What you will do:
Reproduce, exactly and only, the lines of the data that follows from the one containing "Molecular Structure of" down to the one containing "Wrangler Lainey Wilson", without pictures.

Data provided:
# # # #

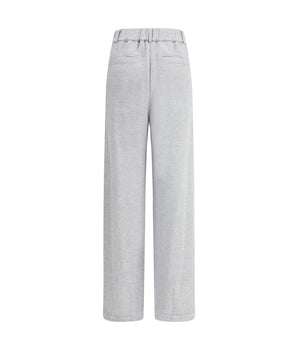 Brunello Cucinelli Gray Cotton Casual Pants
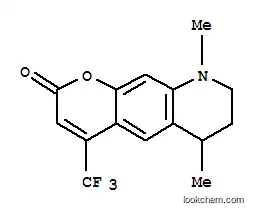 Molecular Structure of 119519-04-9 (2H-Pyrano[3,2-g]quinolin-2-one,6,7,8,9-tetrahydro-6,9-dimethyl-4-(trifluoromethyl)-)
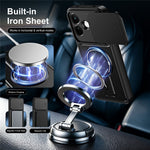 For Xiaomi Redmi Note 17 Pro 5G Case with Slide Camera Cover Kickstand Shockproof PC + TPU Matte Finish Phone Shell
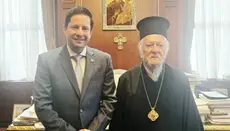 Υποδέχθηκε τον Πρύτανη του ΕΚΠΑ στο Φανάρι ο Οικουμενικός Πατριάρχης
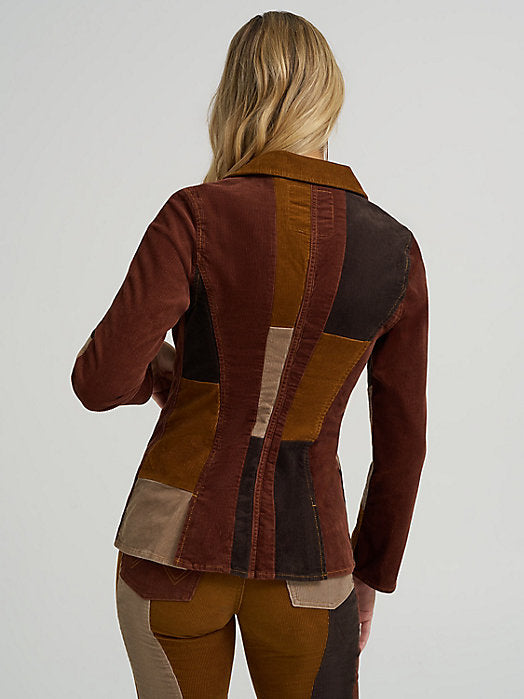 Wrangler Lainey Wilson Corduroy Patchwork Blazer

# # # #

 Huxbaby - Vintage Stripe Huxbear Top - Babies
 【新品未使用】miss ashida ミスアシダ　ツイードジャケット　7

# # # #

Task response:
 Molecular Structure of 119519-04-9 (2H-Pyrano[3,2-g]quinolin-2-one,6,7,8,9-tetrahydro-6,9-dimethyl-4-(trifluoromethyl)-)
 For Xiaomi Redmi Note 17 Pro 5G Case with Slide Camera Cover Kickstand Shockproof PC + TPU Matte Finish Phone Shell
 Υποδέχθηκε τον Πρύτανη του ΕΚΠΑ στο Φανάρι ο Οικουμενικός Πατριάρχης
 Wrangler Lainey Wilson Corduroy Patchwork Blazer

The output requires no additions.